THE PROBLEM: Each record below should appear again exactly as written.

Stored records:
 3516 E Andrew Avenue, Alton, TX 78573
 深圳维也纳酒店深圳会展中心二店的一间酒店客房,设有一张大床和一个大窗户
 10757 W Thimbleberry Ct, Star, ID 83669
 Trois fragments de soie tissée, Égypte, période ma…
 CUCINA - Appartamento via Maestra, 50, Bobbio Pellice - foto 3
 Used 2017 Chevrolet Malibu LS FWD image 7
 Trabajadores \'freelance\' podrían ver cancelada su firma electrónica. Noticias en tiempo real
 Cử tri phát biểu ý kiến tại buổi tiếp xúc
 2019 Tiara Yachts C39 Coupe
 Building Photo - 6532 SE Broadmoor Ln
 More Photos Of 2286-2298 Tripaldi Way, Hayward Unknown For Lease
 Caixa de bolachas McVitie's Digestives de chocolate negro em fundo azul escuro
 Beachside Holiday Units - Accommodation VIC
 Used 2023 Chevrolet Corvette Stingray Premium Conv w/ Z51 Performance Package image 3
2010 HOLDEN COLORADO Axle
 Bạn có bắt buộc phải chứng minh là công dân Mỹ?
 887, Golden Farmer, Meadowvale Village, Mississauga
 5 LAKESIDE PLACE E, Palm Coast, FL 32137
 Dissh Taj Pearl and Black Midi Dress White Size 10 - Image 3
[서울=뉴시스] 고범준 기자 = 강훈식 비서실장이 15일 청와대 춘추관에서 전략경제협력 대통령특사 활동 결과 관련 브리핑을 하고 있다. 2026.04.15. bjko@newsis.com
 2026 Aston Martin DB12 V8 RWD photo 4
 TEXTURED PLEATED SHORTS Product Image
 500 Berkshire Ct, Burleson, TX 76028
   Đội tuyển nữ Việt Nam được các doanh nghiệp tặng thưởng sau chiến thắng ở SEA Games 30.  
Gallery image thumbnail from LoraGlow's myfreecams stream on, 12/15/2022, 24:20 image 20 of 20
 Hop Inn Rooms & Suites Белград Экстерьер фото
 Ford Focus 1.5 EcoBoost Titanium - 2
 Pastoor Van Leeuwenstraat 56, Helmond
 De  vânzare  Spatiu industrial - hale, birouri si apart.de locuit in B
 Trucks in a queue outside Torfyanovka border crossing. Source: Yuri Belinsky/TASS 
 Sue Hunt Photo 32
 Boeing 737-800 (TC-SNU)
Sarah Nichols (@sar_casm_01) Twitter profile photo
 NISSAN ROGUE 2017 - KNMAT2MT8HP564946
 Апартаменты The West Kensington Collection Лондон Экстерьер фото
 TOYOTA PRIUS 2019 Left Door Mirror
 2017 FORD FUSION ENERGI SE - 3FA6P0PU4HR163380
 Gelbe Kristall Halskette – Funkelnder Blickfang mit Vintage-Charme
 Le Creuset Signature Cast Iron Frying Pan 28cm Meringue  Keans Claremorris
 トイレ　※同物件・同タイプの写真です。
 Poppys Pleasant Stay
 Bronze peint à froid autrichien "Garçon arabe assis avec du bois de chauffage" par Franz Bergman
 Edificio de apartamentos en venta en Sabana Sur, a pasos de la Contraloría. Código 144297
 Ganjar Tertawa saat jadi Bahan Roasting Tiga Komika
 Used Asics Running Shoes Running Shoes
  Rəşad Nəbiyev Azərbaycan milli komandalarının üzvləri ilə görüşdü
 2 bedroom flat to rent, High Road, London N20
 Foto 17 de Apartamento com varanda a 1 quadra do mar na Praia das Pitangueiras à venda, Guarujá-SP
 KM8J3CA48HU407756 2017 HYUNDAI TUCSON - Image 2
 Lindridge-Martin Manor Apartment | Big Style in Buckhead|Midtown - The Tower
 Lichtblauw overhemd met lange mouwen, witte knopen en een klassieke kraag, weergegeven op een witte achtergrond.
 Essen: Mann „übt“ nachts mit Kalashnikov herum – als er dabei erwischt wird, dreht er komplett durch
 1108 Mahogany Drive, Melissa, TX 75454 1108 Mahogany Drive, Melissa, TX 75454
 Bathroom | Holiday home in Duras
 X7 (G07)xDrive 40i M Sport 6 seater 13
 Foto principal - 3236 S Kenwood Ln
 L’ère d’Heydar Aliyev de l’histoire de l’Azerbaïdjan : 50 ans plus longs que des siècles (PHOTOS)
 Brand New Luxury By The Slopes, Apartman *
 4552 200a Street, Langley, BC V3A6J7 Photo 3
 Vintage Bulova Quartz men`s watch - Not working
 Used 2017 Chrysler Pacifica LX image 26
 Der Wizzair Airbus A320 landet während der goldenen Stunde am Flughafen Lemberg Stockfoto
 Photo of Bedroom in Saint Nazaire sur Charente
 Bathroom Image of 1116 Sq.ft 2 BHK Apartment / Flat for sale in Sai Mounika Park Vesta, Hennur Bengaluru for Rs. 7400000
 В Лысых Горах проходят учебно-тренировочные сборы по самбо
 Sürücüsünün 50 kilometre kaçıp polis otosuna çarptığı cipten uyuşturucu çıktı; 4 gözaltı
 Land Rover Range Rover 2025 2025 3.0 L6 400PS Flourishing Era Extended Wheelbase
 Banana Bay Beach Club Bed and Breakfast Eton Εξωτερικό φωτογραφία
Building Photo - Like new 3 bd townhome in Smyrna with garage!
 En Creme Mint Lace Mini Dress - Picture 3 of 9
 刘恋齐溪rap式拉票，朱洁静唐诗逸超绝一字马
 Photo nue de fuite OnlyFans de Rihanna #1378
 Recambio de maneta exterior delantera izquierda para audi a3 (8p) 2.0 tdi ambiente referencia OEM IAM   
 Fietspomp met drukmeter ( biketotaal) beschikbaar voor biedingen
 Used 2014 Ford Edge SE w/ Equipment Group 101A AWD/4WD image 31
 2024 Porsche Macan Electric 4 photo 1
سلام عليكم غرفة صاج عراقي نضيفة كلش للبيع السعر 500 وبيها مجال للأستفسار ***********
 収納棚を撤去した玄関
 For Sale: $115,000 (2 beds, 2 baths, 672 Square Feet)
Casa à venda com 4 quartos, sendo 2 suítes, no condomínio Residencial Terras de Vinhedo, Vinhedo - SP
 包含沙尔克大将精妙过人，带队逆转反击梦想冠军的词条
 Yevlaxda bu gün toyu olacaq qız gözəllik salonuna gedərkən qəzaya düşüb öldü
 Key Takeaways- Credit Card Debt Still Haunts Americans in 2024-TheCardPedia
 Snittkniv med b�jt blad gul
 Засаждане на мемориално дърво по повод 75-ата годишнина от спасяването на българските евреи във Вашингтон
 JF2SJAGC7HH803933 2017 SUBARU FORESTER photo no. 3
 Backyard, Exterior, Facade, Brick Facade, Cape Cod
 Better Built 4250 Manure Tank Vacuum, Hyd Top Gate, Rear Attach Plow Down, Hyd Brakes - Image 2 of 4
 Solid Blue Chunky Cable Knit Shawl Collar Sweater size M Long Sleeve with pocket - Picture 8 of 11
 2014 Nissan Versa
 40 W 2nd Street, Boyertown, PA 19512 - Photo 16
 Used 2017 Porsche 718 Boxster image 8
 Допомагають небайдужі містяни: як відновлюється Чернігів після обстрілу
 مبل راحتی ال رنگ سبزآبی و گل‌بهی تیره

REPLY TO THE TASK:
 3516 E Andrew Avenue, Alton, TX 78573
 深圳维也纳酒店深圳会展中心二店的一间酒店客房,设有一张大床和一个大窗户
 10757 W Thimbleberry Ct, Star, ID 83669
 Trois fragments de soie tissée, Égypte, période ma…
 CUCINA - Appartamento via Maestra, 50, Bobbio Pellice - foto 3
 Used 2017 Chevrolet Malibu LS FWD image 7
 Trabajadores \'freelance\' podrían ver cancelada su firma electrónica. Noticias en tiempo real
 Cử tri phát biểu ý kiến tại buổi tiếp xúc
 2019 Tiara Yachts C39 Coupe
 Building Photo - 6532 SE Broadmoor Ln
 More Photos Of 2286-2298 Tripaldi Way, Hayward Unknown For Lease
 Caixa de bolachas McVitie's Digestives de chocolate negro em fundo azul escuro
 Beachside Holiday Units - Accommodation VIC
 Used 2023 Chevrolet Corvette Stingray Premium Conv w/ Z51 Performance Package image 3
2010 HOLDEN COLORADO Axle
 Bạn có bắt buộc phải chứng minh là công dân Mỹ?
 887, Golden Farmer, Meadowvale Village, Mississauga
 5 LAKESIDE PLACE E, Palm Coast, FL 32137
 Dissh Taj Pearl and Black Midi Dress White Size 10 - Image 3
[서울=뉴시스] 고범준 기자 = 강훈식 비서실장이 15일 청와대 춘추관에서 전략경제협력 대통령특사 활동 결과 관련 브리핑을 하고 있다. 2026.04.15. bjko@newsis.com
 2026 Aston Martin DB12 V8 RWD photo 4
 TEXTURED PLEATED SHORTS Product Image
 500 Berkshire Ct, Burleson, TX 76028
   Đội tuyển nữ Việt Nam được các doanh nghiệp tặng thưởng sau chiến thắng ở SEA Games 30.  
Gallery image thumbnail from LoraGlow's myfreecams stream on, 12/15/2022, 24:20 image 20 of 20
 Hop Inn Rooms & Suites Белград Экстерьер фото
 Ford Focus 1.5 EcoBoost Titanium - 2
 Pastoor Van Leeuwenstraat 56, Helmond
 De  vânzare  Spatiu industrial - hale, birouri si apart.de locuit in B
 Trucks in a queue outside Torfyanovka border crossing. Source: Yuri Belinsky/TASS 
 Sue Hunt Photo 32
 Boeing 737-800 (TC-SNU)
Sarah Nichols (@sar_casm_01) Twitter profile photo
 NISSAN ROGUE 2017 - KNMAT2MT8HP564946
 Апартаменты The West Kensington Collection Лондон Экстерьер фото
 TOYOTA PRIUS 2019 Left Door Mirror
 2017 FORD FUSION ENERGI SE - 3FA6P0PU4HR163380
 Gelbe Kristall Halskette – Funkelnder Blickfang mit Vintage-Charme
 Le Creuset Signature Cast Iron Frying Pan 28cm Meringue  Keans Claremorris
 トイレ　※同物件・同タイプの写真です。
 Poppys Pleasant Stay
 Bronze peint à froid autrichien "Garçon arabe assis avec du bois de chauffage" par Franz Bergman
 Edificio de apartamentos en venta en Sabana Sur, a pasos de la Contraloría. Código 144297
 Ganjar Tertawa saat jadi Bahan Roasting Tiga Komika
 Used Asics Running Shoes Running Shoes
  Rəşad Nəbiyev Azərbaycan milli komandalarının üzvləri ilə görüşdü
 2 bedroom flat to rent, High Road, London N20
 Foto 17 de Apartamento com varanda a 1 quadra do mar na Praia das Pitangueiras à venda, Guarujá-SP
 KM8J3CA48HU407756 2017 HYUNDAI TUCSON - Image 2
 Lindridge-Martin Manor Apartment | Big Style in Buckhead|Midtown - The Tower
 Lichtblauw overhemd met lange mouwen, witte knopen en een klassieke kraag, weergegeven op een witte achtergrond.
 Essen: Mann „übt“ nachts mit Kalashnikov herum – als er dabei erwischt wird, dreht er komplett durch
 1108 Mahogany Drive, Melissa, TX 75454 1108 Mahogany Drive, Melissa, TX 75454
 Bathroom | Holiday home in Duras
 X7 (G07)xDrive 40i M Sport 6 seater 13
 Foto principal - 3236 S Kenwood Ln
 L’ère d’Heydar Aliyev de l’histoire de l’Azerbaïdjan : 50 ans plus longs que des siècles (PHOTOS)
 Brand New Luxury By The Slopes, Apartman *
 4552 200a Street, Langley, BC V3A6J7 Photo 3
 Vintage Bulova Quartz men`s watch - Not working
 Used 2017 Chrysler Pacifica LX image 26
 Der Wizzair Airbus A320 landet während der goldenen Stunde am Flughafen Lemberg Stockfoto
 Photo of Bedroom in Saint Nazaire sur Charente
 Bathroom Image of 1116 Sq.ft 2 BHK Apartment / Flat for sale in Sai Mounika Park Vesta, Hennur Bengaluru for Rs. 7400000
 В Лысых Горах проходят учебно-тренировочные сборы по самбо
 Sürücüsünün 50 kilometre kaçıp polis otosuna çarptığı cipten uyuşturucu çıktı; 4 gözaltı
 Land Rover Range Rover 2025 2025 3.0 L6 400PS Flourishing Era Extended Wheelbase
 Banana Bay Beach Club Bed and Breakfast Eton Εξωτερικό φωτογραφία
Building Photo - Like new 3 bd townhome in Smyrna with garage!
 En Creme Mint Lace Mini Dress - Picture 3 of 9
 刘恋齐溪rap式拉票，朱洁静唐诗逸超绝一字马
 Photo nue de fuite OnlyFans de Rihanna #1378
 Recambio de maneta exterior delantera izquierda para audi a3 (8p) 2.0 tdi ambiente referencia OEM IAM   
 Fietspomp met drukmeter ( biketotaal) beschikbaar voor biedingen
 Used 2014 Ford Edge SE w/ Equipment Group 101A AWD/4WD image 31
 2024 Porsche Macan Electric 4 photo 1
سلام عليكم غرفة صاج عراقي نضيفة كلش للبيع السعر 500 وبيها مجال للأستفسار ***********
 収納棚を撤去した玄関
 For Sale: $115,000 (2 beds, 2 baths, 672 Square Feet)
Casa à venda com 4 quartos, sendo 2 suítes, no condomínio Residencial Terras de Vinhedo, Vinhedo - SP
 包含沙尔克大将精妙过人，带队逆转反击梦想冠军的词条
 Yevlaxda bu gün toyu olacaq qız gözəllik salonuna gedərkən qəzaya düşüb öldü
 Key Takeaways- Credit Card Debt Still Haunts Americans in 2024-TheCardPedia
 Snittkniv med b�jt blad gul
 Засаждане на мемориално дърво по повод 75-ата годишнина от спасяването на българските евреи във Вашингтон
 JF2SJAGC7HH803933 2017 SUBARU FORESTER photo no. 3
 Backyard, Exterior, Facade, Brick Facade, Cape Cod
 Better Built 4250 Manure Tank Vacuum, Hyd Top Gate, Rear Attach Plow Down, Hyd Brakes - Image 2 of 4
 Solid Blue Chunky Cable Knit Shawl Collar Sweater size M Long Sleeve with pocket - Picture 8 of 11
 2014 Nissan Versa
 40 W 2nd Street, Boyertown, PA 19512 - Photo 16
 Used 2017 Porsche 718 Boxster image 8
 Допомагають небайдужі містяни: як відновлюється Чернігів після обстрілу
 مبل راحتی ال رنگ سبزآبی و گل‌بهی تیره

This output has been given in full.